Growers were offered taste tests of the cultivars, which have been in trials for 10-12 years, at the National Fieldays in Hamilton last week but Zespri is guarded about their release in the marketplace.
Zespri would not say when the product would be taken to market if it proved commercially viable.
The cultivars were in pre-commercial trials on small blocks around New Zealand.
Zespri China GM Simon Limmer said the two cultivars had not been commercialised yet but the outlook was bright.
"New varieties are big drivers of growth and the red kiwifruit in particular have significant consumer demand. We know there is an opportunity to position it in the market.
"It is going to be a real game changer for us in terms of a clearly differentiating the product in the way it looks, tastes and its health attributes. All of those qualities drive consumer demand and attracts new consumers."

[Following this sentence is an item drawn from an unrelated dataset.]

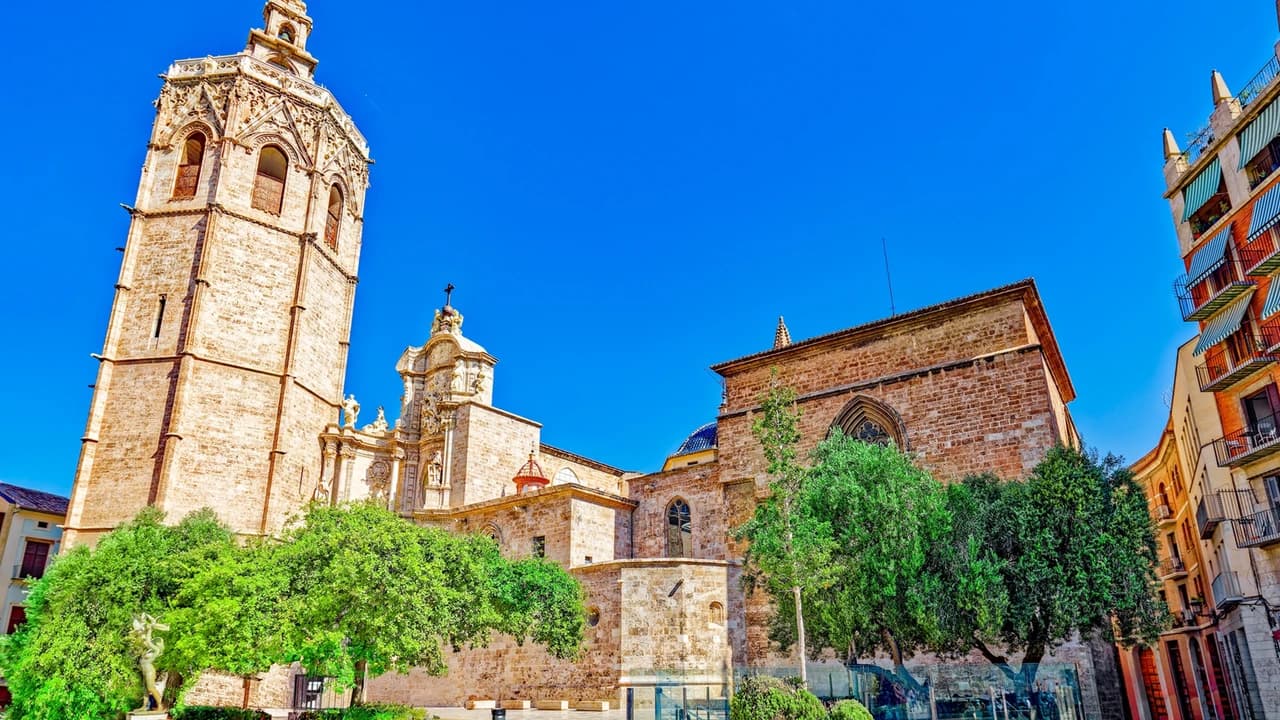 Valencia Cathedral & Holy Grail Tour with English-Speaking Guide & Fast Track Entry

Zespri and the government have invested more than $15 million over the past three years into the kiwifruit breeding project overseen by Plant and Food Research. It has more than 100,000 cultivars in a nationwide evaluation programme.

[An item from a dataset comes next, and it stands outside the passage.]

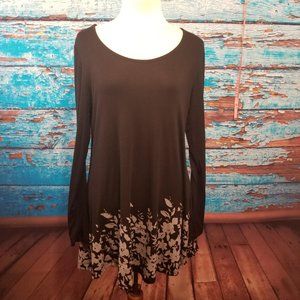 Moosungeek Black w/ Grey Floral Long Sleeve Tunic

It takes between 10-14 years to get a cultivar to the point where it was commercially viable, he said.
"Obviously its consumer acceptance but you have all the growing attributes as well like yield, size, storage, costs of growing products and the big one of late, Psa susceptibility."
The risk of commercialising too early could have significant impacts on growers, he said.
"It would be a big investment for individual growers if they changed to a new variety as it will take them several years to get up to full production.
"We are very enthused about the opportunity, especially with the reds, but we have got to get it right before we take that big step."
Zespri's market assessment suggested red kiwifruit could potentially fetch the same prices as gold per tray but while volumes were low they might achieve a premium, he said.
There were reds in marketplace around the world, but Mr Limmer said Zespri did not believe those varieties were commercially viable.
New Zealand Kiwifruit Growers Inc president Neil Treblico said any new fruit would create interest.
"We have seen that happen with the Hort 16 A variety (gold). It developed a whole new kiwifruit category that was extremely successful so we would hope any new entrant like a red would add excitement. But the key here is going to be that it ticks all the boxes from the orchard to the consumer.
"These days any new variety needs to be tolerant of Psa and any new green has to be better than the existing green to make it worth changing across."
Mr Treblico said it was too early to say what decision Zespri would make about commercialisation.
"Growers are very innovative ... and want to plant, grow and see it sold. We have got to make sure the variety we have got is good."